I was involved in a car accident and the other driver was issued a ticket by the police. What effect does that have on my claim against the other driver for personal injuries I sustained in the accident.
Most of the time, and police officer will not issue a citation at a car accident. This is mainly due to the fact that the officer did not actually witness the traffic violation that led to the accident. However, if the officer believes that the physical evidence and eye-witnesses are strong enough, the office will issue a citation to the at-fault driver for some traffic violation. The effect this citation will have on your injury claim will depend on how the ticket is finally handled.

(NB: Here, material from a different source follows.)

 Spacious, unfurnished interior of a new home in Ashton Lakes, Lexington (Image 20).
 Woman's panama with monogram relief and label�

A traffic ticket is considered a criminal offense. Of course, it is not as serious as murder or armed robbery. But for all legal purposes, it is considered a criminal offense since it is the State bringing the charges and seeking to punish the offender. On the other hand, a personal injury case is a civil claim since the dispute is between private citizens for recovery of money damages.
Since the burden of proof is much higher in a criminal case (“beyond a reasonable doubt”) than in a civil case (“preponderance of the evidence”), then a conviction in a criminal case is admissible and conclusive in a civil case arising out of the same event. For instance, let’s say you are involved in an intersection collision with another vehicle that ran a red light. Based upon the evidence at the scene and the witnesses, the police officer issues a traffic ticket to the other driver for running the red light. If the driver is convicted for the ticket, either by pleading guilty or being found guilty after a trial, then the driver is automatically deemed legally responsible for causing the accident in the civil case.

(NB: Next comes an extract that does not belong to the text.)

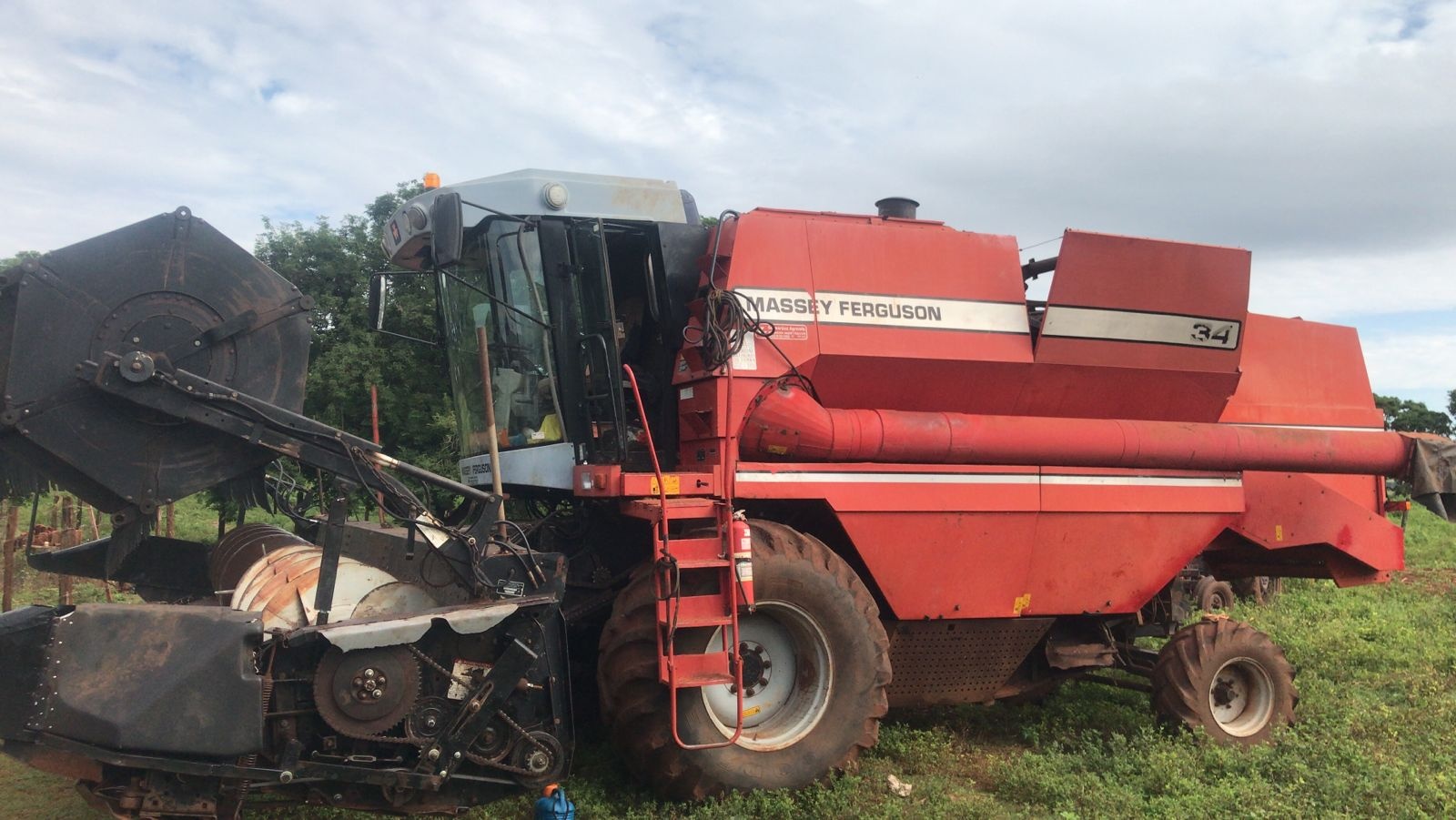 Colheitadeira Massey Ferguson MF34 ano 2004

However, the result of the ticket must be a guilty finding either by a plea or by a trial. A plea of “nolo contendre/no contest” or “not guilty” is not admissible in the civil case unless there is a subsequent finding of guilt. Most tickets are disposed of by a plea of “no contest,” a short duration of probation, and/or defensive driving. Rarely do tickets go all the way to a finding of guilt.

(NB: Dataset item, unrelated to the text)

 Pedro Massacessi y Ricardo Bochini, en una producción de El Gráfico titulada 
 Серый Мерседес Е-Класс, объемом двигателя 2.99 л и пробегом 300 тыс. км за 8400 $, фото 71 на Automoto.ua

Likewise, if someone is injured in an auto accident and the other driver is facing a ticket, then it might be worth the injured party’s time and effort to show up on the appearance date of the other driver’s ticket and ask the prosecutor not to accept a plea of “no contest.” Although the prosecutor is not bound by your request, he/she might be willing to push for a guilty plea especially if there are serious personal injuries and the eye-witnesses are willing to cooperate.